For some comparisons, think about the fact that Semitic languages are traditionally written without bothering to indicate the vowels, or that while modern English has a phonemic distinction between voiced and unvoiced fricatives, this has a very uneven correspondence to the same distinction as it exists in the writing system. In the case of the interdental fricatives, the writing system does not even contemplate a distinction. And there's nothing particularly problematic about this; if you delete all the voicing information from a stretch of English speech, it stays about as intelligible as it was before. (A voicing difference in stops is not even audible to English speakers. It's audible in fricatives, but no one is going to be confused.)

x1798DE captured my intent well. For example, tonal languages like Mandarin or Cantonese may be more difficult to decode if vocal cords aren’t vibrating, and languages with more phonemes that have both a voiced and unvoiced version might be more difficult. I still think decoding will be possible for general language, but that’s a hypothesis whereas I know it’s true for English.
> and languages with more phonemes that have both a voiced and unvoiced version might be more difficult.
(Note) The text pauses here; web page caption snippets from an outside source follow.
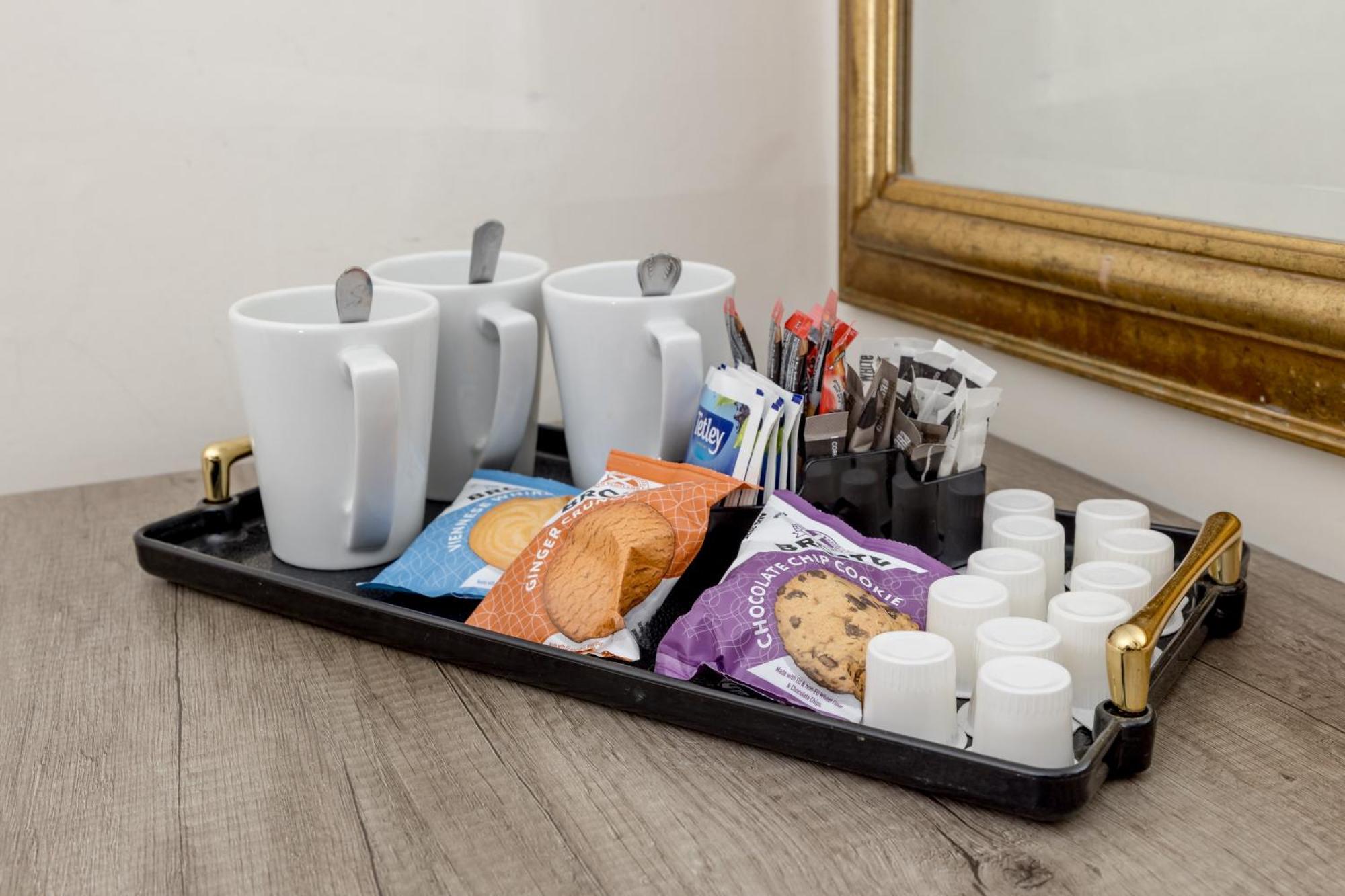 The Stair Arms Hotel Pathhead Ngoại thất bức ảnh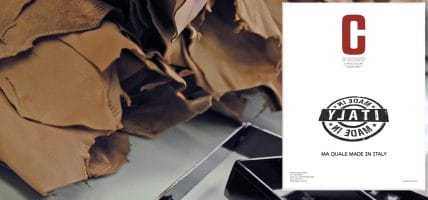 Made in Italy: l’errore che la filiera pelle non deve commettere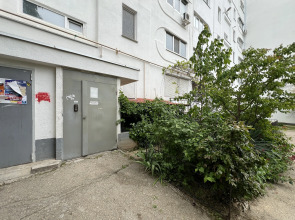 Квартира проспект Октябрьской Революции 40/4-2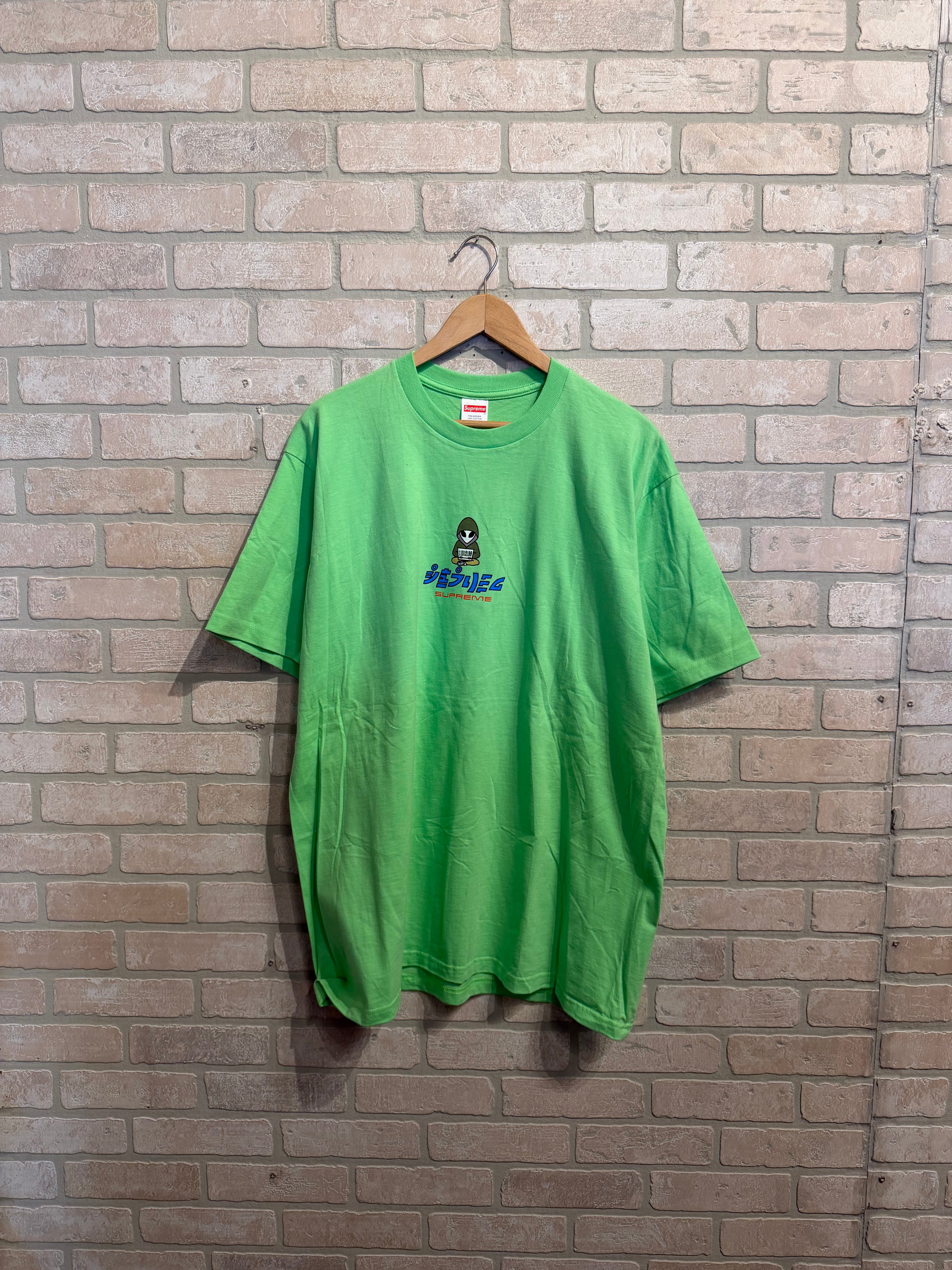 Supreme Tee XL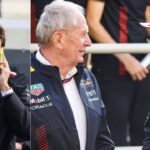 Helmut Marko Crushes Toto Wolff’s Hopes About Max Verstappen’s Possible Move to Mercedes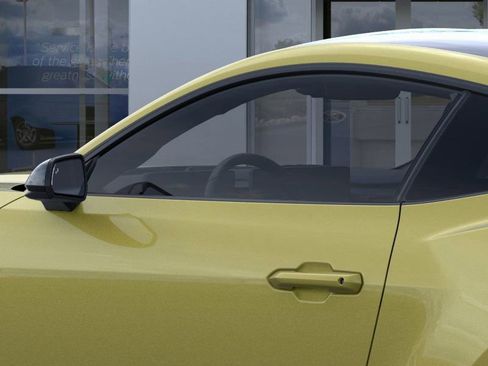 New 2025 Ford Mustang GT image 22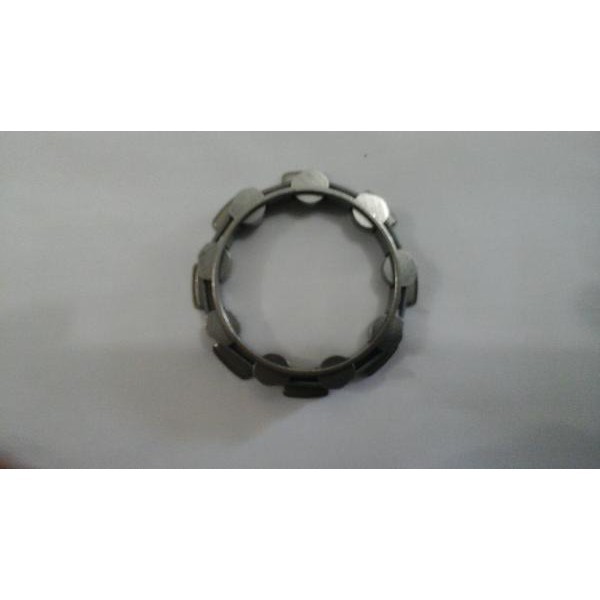 MIMIS STATER ONLY KLX 150 S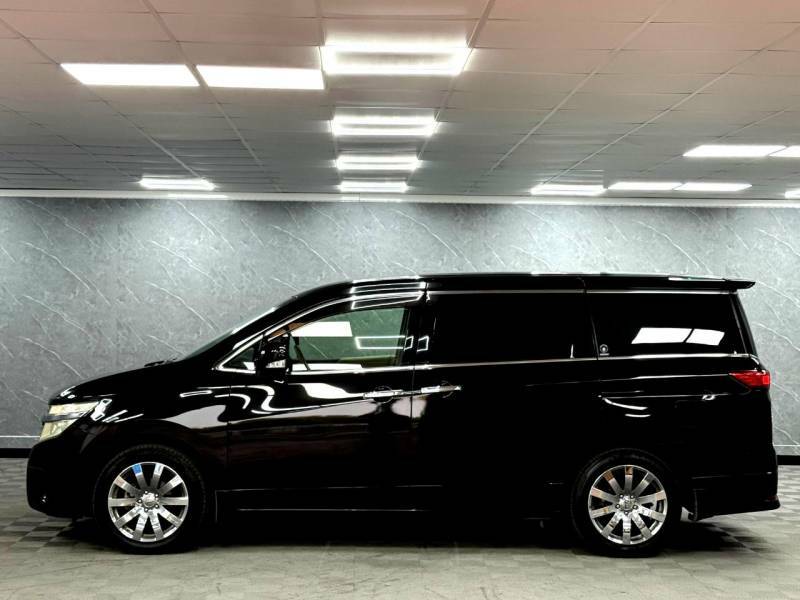Nissan Elgrand Automatic  #11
I had the understanding that English is unusually rich in phonemes that occur in both a voiced and unvoiced version. But as I've mentioned sidethread, this just isn't very significant as far as transcribing English goes.

English has an almost full series of stop and fricative phonemes that exhibit voicing contrasts:

- Bilabial, alveolar, and velar stops /p, b, t, d, k, g/, though the distinction between /t/ and /d/ disappears intervocalically in American English. [In practice, English speakers differentiate these phonemes more by the contrast of aspiration than by the contrast of voicing.]

- Interdental, labiodental, alveolar, palatal, but generally not velar, fricatives /θ, ð, f, v, s, z, ʃ, ʒ/, along with palatal affricates /tʃ, dʒ/.

- Nasals and approximants are always voiced.

Compare a language like Mandarin Chinese, where there are between zero and one pairs of phonemes that contrast by voicing (the sound represented by pinyin "r" may be a voiced fricative otherwise equivalent to "sh", or it may be an approximant; there is no contrasting voiceless approximant), or Spanish, where only the stops feature this contrast.

What are the languages that have more voicing contrasts than English does? It would almost be necessary for such a language to distinguish between voiced and unvoiced vowels. (Some quick research suggests that Icelandic at least has a comparable number of voicing contrasts, but it is not obviously more than English and appears to be actively shrinking.)

> tonal languages like Mandarin or Cantonese may be more difficult to decode if vocal cords aren’t vibrating

More difficult, yes, but in the sense that decoding may take more computation, not that the error rate will go up.

Again, we can already observe that e.g. Mandarin speakers do not have trouble understanding text that carries no information about tone, nor do they have trouble understanding songs, where lexical tone is overridden by the melody of the song.

(What happens here depends what you mean. If you want to decode speech into pinyin with tone marks omitted, the lack of ability to measure tones will fail to be a problem by definition. If you want to decode into Chinese characters, you'll need a robust model of the language, at which point lack of tones will also fail to be a problem - the language model will cover for it. If you want to decode into pinyin with tone marks, you won't be able to do that without using a language model.)